In Missouri, K. T. Ry. Co. v. Roberts, 152 U.S. 114, 14 S. Ct. 496, 497, 38 L. Ed. 377, the court, in considering the rights of the Osage Nation under their treaty, said: "Though the lands of the Indians were reserved by treaty for their occupation, the fee was always under the control of the government; and when transferred, without reference to the possession of the lands, and without designation of any use of them requiring the delivery of their possession, the transfer was subject to their right of occupancy; and the manner, time, and conditions on which that right should be extinguished were matters for the determination of the government."

The court there held that a grant to the railroad absolute in its terms conveyed the fee and possession, leaving no rights in the Indians.

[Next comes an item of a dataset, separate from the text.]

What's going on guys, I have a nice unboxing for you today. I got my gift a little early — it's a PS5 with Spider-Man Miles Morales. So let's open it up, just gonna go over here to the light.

In Veale v. Maynes, 23 Kan. 1, Justice Brewer speaking for the court said: "As recently as 1877 the supreme court has reasserted the doctrine that the Indian right to land is a mere possessory one, in the case of Beecher v. Wetherby, 95 U.S. 525 [ 24 L. Ed. 440], and yet the land in question was described as `owned and occupied by the Menominee Indians,' and it was `set apart' for their future home."

Further, in the opinion, Justice Brewer discusses the Leavenworth, etc., R. Co. Case, saying: "Take the Osage reservation, which was set apart for that tribe by most solemn words of perpetual ownership. The supreme court said, in Leavenworth, L. G.R. Co. v. U.S., 92 U.S. 733 [ 23 L. Ed. 634], `that in the free exercise of their choice, they might hold it forever;' but they could only hold it. The fee was in the United States, subject to the right of the Indians. Now, that the government had power to depart from this traditionary policy, and vest the fee, as well as the right of occupancy, in the Indians, is unquestioned; but if a departure had been intended, words more apt and clear would undoubtedly have been used."

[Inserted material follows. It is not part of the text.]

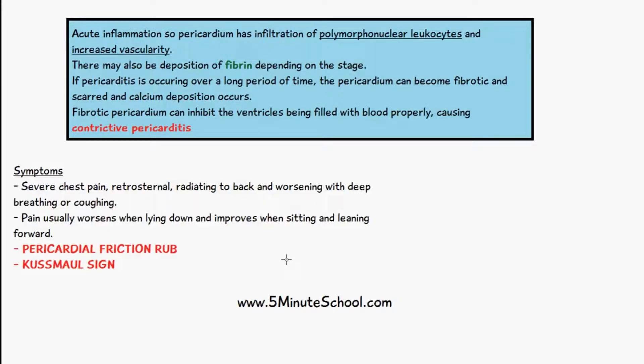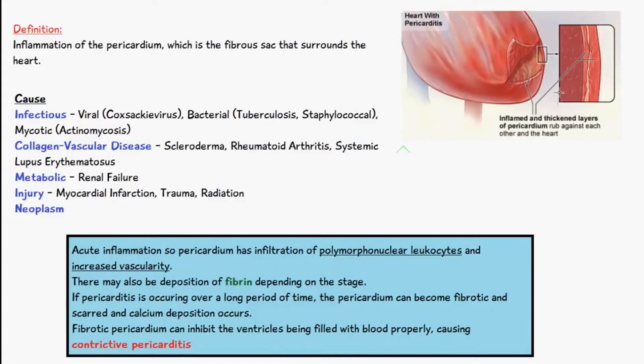It consists of one systolic and two diastolic sounds. As you can see from the diagram, we have the pericardium, which is a double-walled sac, and in between there is pericardial fluid. When we have this inflammatory response, it increases the size of the walls, so there's less fluid in between. The walls basically rub together, and this is one of the key diagnostic features of pericarditis. These two walls rubbing against each other result in a sound heard through auscultation, known as the pericardial friction rub.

This Veale Case involved the Pottawatomies. The court, in speaking of the Treaty with the Pottawatomies, said: "Stress is laid upon the words `possession and title,' and the use of the latter, it is said, implies something more than the mere right of occupancy, for that would pass under the former word. It may be that those words in the language of a grant to a corporation or citizen would imply the grant of the title of the grantor. A contract between individuals to convey title might mean full title. But these words in the treaty must be construed in the light of the recognized relations between the government and the Indians, and the established policy of the former towards the latter. Title does not necessarily mean title in fee-simple; it may mean any kind of title, even the mere title of occupancy. The Indian title has been constantly recognized as simply this inferior title. The government has uniformly asserted its holding of the fee, and has recognized the Indian right as only one of possession. The supreme court reports are full of this doctrine."

The contention of plaintiffs that the Indians had title to the river bed cannot be sustained. They had, in my opinion, merely the right of occupancy. When they surrendered this occupancy, their title was extinguished. The fact that the government thereafter saw fit to sell the lands and turn over the money to the Indians does not change the situation. It is therefore apparent that the Osage Tribes had no fee rights prior to statehood, and had relinquished their right of occupancy before the issuance of patents to plaintiffs' grantors (relinquishment, September 10, 1870; patents 1872).

Did plaintiffs deraign their title from the Osages or directly from the federal government?

Kansas was admitted as a state January 29, 1861. She "was admitted into the union, on an equal footing with the original states, she succeeded to all the rights of sovereignty, jurisdiction, and eminent domain which Georgia possessed at the date of the cession, except so far as this right was diminished by the public lands remaining in the possession and under the control of the United States, for the temporary purposes provided for in the deed of cession and the legislative acts connected with it. Nothing remained to the United States, according to the terms of the agreement, but the public lands." Pollard's Lessee v. Hagan et al., 3 How. 212, 223, 11 L. Ed. 565.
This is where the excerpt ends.